LITE: A Learning-Integrated Topological Explorer for Multi-Floor Indoor Environments
Junhao Chen, Zhen Zhang, Chengrui Zhu, Xiaojun Hou, Tianyang Hu, Huifeng Wu, Yong Liu

TL;DR
This paper introduces LITE, a novel learning-integrated topological exploration framework for multi-floor indoor environments, combining 2D exploration methods with a floor-stair topology for efficient 3D exploration and real-world applicability.
Contribution
LITE uniquely integrates 2D exploration methods with a floor-stair topology and attention-based policies for effective multi-floor indoor exploration.
Findings
Outperforms baseline explorers in exploration efficiency.
Compatible with various 2D exploration methods.
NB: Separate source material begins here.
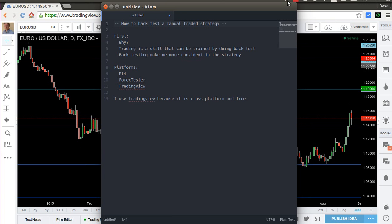In this video I'd like to show you how to backtest a manually traded strategy. I believe that trading is a skill and it can be trained. By doing backtests you can go through years and years of data and repeat your strategy time after time, training yourself in executing it. Moreover, if you repeat your strategy and see that it works, it will make you more confident — that's how it works for me and I think most traders.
Validated in real-world quadruped robot experiments.
Abstract
This work focuses on multi-floor indoor exploration, which remains an open area of research. Compared to traditional methods, recent learning-based explorers have demonstrated significant potential due to their robust environmental learning and modeling capabilities, but most are restricted to 2D environments. In this paper, we proposed a learning-integrated topological explorer, LITE, for multi-floor indoor environments. LITE decomposes the environment into a floor-stair topology, enabling seamless integration of learning or non-learning-based 2D exploration methods for 3D exploration. As we incrementally build floor-stair topology in exploration using YOLO11-based instance segmentation model, the agent can transition between floors through a finite state machine. Additionally, we implement an attention-based 2D exploration policy that utilizes an attention mechanism to capture spatial…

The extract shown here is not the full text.